From: Kan Liang <kan.liang@linux.intel.com>

A new branch sample type PERF_SAMPLE_BRANCH_HW_INDEX has been introduced
in latest kernel.

Enable HW_INDEX by default in LBR call stack mode.

If kernel doesn't support the sample type, switching it off.

Add HW_INDEX in attr_fprintf as well. User can check whether the branch
sample type is set via debug information or header.

Committer testing:

First collect some samples with LBR callchains, system wide, for a few
seconds:

  # perf record --call-graph lbr -a sleep 5
  [ perf record: Woken up 1 times to write data ]
  [ perf record: Captured and wrote 0.625 MB perf.data (224 samples) ]
  #

Now lets use 'perf evlist -v' to look at the branch_sample_type:

  # perf evlist -v
  cycles: size: 120, { sample_period, sample_freq }: 4000, sample_type: IP|TID|TIME|CALLCHAIN|CPU|PERIOD|BRANCH_STACK, read_format: ID, disabled: 1, inherit: 1, mmap: 1, comm: 1, freq: 1, task: 1, precise_ip: 3, sample_id_all: 1, exclude_guest: 1, mmap2: 1, comm_exec: 1, ksymbol: 1, bpf_event: 1, branch_sample_type: USER|CALL_STACK|NO_FLAGS|NO_CYCLES|HW_INDEX
  #

So the machine has the kernel feature, and it was correctly added to
perf_event_attr.branch_sample_type, for the default 'cycles' event.

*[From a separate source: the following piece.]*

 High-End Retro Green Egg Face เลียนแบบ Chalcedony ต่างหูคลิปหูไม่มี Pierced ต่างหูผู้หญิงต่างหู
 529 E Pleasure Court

If we do it in another machine, where the kernel lacks the HW_INDEX
feature, we get:

  # perf record --call-graph lbr -a sleep 2s
  [ perf record: Woken up 1 times to write data ]
  [ perf record: Captured and wrote 1.690 MB perf.data (499 samples) ]
  # perf evlist -v
  cycles: size: 120, { sample_period, sample_freq }: 4000, sample_type: IP|TID|TIME|CALLCHAIN|CPU|PERIOD|BRANCH_STACK, read_format: ID, disabled: 1, inherit: 1, mmap: 1, comm: 1, freq: 1, task: 1, precise_ip: 3, sample_id_all: 1, exclude_guest: 1, mmap2: 1, comm_exec: 1, ksymbol: 1, bpf_event: 1, branch_sample_type: USER|CALL_STACK|NO_FLAGS|NO_CYCLES
  #

No HW_INDEX in attr.branch_sample_type.

Signed-off-by: Kan Liang <kan.liang@linux.intel.com>
Tested-by: Arnaldo Carvalho de Melo <acme@redhat.com>
Cc: Adrian Hunter <adrian.hunter@intel.com>
Cc: Alexey Budankov <alexey.budankov@linux.intel.com>
Cc: Andi Kleen <ak@linux.intel.com>
Cc: Jiri Olsa <jolsa@redhat.com>
Cc: Mathieu Poirier <mathieu.poirier@linaro.org>
Cc: Michael Ellerman <mpe@ellerman.id.au>
Cc: Namhyung Kim <namhyung@kernel.org>
Cc: Pavel Gerasimov <pavel.gerasimov@intel.com>
Cc: Peter Zijlstra <peterz@infradead.org>
Cc: Ravi Bangoria <ravi.bangoria@linux.ibm.com>
Cc: Stephane Eranian <eranian@google.com>
Cc: Vitaly Slobodskoy <vitaly.slobodskoy@intel.com>
Link: http://lore.kernel.org/lkml/20200228163011.19358-3-kan.liang@linux.intel.com
Signed-off-by: Arnaldo Carvalho de Melo <acme@redhat.com>
---
 tools/perf/util/evsel.c                   | 15 ++++++++++++---
 tools/perf/util/evsel.h                   |  1 +
 tools/perf/util/perf_event_attr_fprintf.c |  1 +
 3 files changed, 14 insertions(+), 3 deletions(-)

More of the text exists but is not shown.